I hold your heart by Karen Gregory

I Hold Your Heart

This starts off as a traditional ‘boy meets girl and falls in love’ story – it is a tale of love at first sight, as Gemma falls in love with a boy a few years older than her. He has a car, and money and can shower her with gifts. As time passes, her family and friends start to notice how controlling Aaron is, but when they try and discuss it with Gemma, Aaron persuades her to cut communication with them.  Gemma thinks they aren’t being supportive and gradually shuts them out of her life, isolating herself and leaving her open to Aarons manipulative ways. She moves in with him and her isolation is complete, and it is only then she begins to realise how controlling Aaron really is.

Gemma’s family dynamics is very interesting in the book, and makes you wonder if this relationship has contributed to her current situation. We see how her brother’s football training appears to take priority, leaving her feeling inadequate and forgotten.

Interestingly, we see a little of Aarons viewpoint and the reader is able to see how he can view the relationship as acceptable, even though the reader knows otherwise.

This is a powerful story and one that will resonate with many people. It is an honest depiction of how you can gradually lose control of your relationship, until you are too deep into the relationship to extradite yourself.

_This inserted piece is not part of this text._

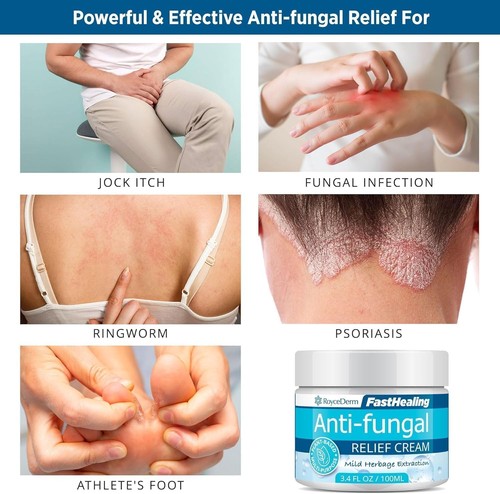 Roycederm Antifungal Cream, Athletes Foot Treatment Cream - photo 3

It is an emotional book that teens will be able to relate to. I enjoyed this book and would recommend it to students in my library, especially those vulnerable to similar situations.

FloodWorld by Tom Huddleston

This book is set in a dystopian world – rising sea levels have flooded the UK and a wall has been built around the capital to protect ‘the rich folks of the city’ – an elite group of society. This is surrounded by the Shanties, ‘a floating scum clinging to the outside of the Wall’ where its i struggle to survive. Here, society has set its own rules and resentment builds against those protected by the Wall.
We meet the two main characters of the book, Joe and Kara, when they are diving for artefacts in the grimy waters surrounding the Wall. Joe finds a small metal bear that he takes back to the surface. The bear travels with him throughout the book, gradually becoming more beleaguered as the novel progresses and the two teenagers fight to build a better future. They hear of a terrorist attack, resulting in a James Bond style adventure story, including a stolen submarine, secret tunnels and a bomb. In true Bond style there is a definite theme of good vs bad, although this is tipped on its head as you carry on reading.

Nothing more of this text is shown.